[[ DATASET RECORDS open ]]

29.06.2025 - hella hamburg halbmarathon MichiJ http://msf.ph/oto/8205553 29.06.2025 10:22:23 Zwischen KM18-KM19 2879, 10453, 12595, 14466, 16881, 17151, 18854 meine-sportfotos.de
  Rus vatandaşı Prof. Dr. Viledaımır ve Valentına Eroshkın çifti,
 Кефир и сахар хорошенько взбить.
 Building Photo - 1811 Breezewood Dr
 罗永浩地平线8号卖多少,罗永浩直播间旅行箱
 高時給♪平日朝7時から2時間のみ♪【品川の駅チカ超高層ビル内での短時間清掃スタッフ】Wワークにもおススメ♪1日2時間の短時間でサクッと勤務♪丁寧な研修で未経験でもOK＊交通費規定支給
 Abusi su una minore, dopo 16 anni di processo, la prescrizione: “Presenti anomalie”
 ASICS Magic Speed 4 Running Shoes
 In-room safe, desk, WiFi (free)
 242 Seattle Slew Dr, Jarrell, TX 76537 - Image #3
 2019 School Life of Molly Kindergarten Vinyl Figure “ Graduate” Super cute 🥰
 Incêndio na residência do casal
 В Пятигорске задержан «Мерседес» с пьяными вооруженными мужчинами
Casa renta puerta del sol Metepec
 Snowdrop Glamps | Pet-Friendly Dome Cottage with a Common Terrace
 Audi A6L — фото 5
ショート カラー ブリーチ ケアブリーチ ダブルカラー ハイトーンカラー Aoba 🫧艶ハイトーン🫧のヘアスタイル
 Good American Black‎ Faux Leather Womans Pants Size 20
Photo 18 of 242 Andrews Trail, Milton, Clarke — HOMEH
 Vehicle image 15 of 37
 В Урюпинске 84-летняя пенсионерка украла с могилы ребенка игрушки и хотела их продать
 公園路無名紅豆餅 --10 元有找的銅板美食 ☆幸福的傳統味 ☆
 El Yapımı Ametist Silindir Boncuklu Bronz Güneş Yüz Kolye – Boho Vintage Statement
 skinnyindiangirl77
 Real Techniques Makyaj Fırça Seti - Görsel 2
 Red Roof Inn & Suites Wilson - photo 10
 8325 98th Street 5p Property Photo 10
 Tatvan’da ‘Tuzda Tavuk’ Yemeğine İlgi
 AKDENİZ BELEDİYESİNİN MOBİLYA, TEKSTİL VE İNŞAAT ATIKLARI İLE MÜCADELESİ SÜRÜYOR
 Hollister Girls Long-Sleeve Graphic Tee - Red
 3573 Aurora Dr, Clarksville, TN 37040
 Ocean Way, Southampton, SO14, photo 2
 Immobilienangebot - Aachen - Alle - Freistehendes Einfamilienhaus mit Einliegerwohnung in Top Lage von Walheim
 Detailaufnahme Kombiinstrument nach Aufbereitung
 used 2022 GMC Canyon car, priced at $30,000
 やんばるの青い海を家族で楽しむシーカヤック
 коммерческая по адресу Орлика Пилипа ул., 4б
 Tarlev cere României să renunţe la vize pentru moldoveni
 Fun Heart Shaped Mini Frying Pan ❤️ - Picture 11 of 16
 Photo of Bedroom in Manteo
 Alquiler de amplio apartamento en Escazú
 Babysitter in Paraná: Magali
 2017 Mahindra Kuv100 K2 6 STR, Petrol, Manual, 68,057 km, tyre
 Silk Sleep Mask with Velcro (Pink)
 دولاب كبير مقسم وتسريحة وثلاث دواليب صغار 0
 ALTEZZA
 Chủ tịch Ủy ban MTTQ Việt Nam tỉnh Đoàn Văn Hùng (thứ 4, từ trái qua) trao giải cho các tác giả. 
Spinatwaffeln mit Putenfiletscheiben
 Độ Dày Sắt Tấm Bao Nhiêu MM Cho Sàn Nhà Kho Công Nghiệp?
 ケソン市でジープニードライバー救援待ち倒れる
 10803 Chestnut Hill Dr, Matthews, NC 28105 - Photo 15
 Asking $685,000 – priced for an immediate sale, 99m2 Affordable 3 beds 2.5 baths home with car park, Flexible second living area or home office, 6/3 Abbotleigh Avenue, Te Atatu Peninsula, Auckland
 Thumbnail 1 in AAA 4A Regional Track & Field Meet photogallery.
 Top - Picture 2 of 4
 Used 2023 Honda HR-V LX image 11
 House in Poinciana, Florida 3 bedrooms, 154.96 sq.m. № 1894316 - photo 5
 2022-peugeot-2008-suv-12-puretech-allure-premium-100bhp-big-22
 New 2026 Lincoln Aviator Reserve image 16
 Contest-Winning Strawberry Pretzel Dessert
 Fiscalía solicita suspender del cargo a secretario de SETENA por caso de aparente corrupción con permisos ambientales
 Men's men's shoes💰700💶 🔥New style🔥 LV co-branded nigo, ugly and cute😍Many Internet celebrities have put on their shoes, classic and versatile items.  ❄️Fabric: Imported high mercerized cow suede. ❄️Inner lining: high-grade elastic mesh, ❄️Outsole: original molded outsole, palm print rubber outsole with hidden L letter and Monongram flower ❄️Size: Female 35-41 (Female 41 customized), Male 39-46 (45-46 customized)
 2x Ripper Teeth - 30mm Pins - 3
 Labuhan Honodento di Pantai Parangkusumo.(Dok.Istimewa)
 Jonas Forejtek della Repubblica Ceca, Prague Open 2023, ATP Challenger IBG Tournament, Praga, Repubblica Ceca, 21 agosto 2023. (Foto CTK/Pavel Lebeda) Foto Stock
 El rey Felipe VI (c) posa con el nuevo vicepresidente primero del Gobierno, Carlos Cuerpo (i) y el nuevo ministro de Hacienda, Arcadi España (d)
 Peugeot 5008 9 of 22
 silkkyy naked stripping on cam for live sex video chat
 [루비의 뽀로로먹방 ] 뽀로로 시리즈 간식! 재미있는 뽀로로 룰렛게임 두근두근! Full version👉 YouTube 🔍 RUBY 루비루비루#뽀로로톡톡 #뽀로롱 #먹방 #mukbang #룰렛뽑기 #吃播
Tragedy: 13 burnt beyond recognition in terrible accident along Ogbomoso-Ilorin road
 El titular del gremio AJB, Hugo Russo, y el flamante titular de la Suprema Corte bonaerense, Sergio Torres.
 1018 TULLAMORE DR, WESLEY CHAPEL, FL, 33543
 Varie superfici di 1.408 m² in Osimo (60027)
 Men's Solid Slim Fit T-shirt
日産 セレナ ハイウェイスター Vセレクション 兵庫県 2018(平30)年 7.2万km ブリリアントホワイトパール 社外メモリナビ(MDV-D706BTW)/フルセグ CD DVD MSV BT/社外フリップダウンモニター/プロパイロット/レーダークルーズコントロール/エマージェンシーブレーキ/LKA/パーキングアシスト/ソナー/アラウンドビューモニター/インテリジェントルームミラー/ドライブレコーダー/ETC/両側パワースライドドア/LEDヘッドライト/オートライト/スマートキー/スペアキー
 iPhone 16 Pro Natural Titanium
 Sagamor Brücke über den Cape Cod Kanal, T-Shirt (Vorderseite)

[[ DATASET RECORDS closed ]]

DIRECTIONS: Which lines of the records contain "cute"? Show each of them.

ANSWER TO THIS EXERCISE:
 2019 School Life of Molly Kindergarten Vinyl Figure “ Graduate” Super cute 🥰
 Men's men's shoes💰700💶 🔥New style🔥 LV co-branded nigo, ugly and cute😍Many Internet celebrities have put on their shoes, classic and versatile items.  ❄️Fabric: Imported high mercerized cow suede. ❄️Inner lining: high-grade elastic mesh, ❄️Outsole: original molded outsole, palm print rubber outsole with hidden L letter and Monongram flower ❄️Size: Female 35-41 (Female 41 customized), Male 39-46 (45-46 customized)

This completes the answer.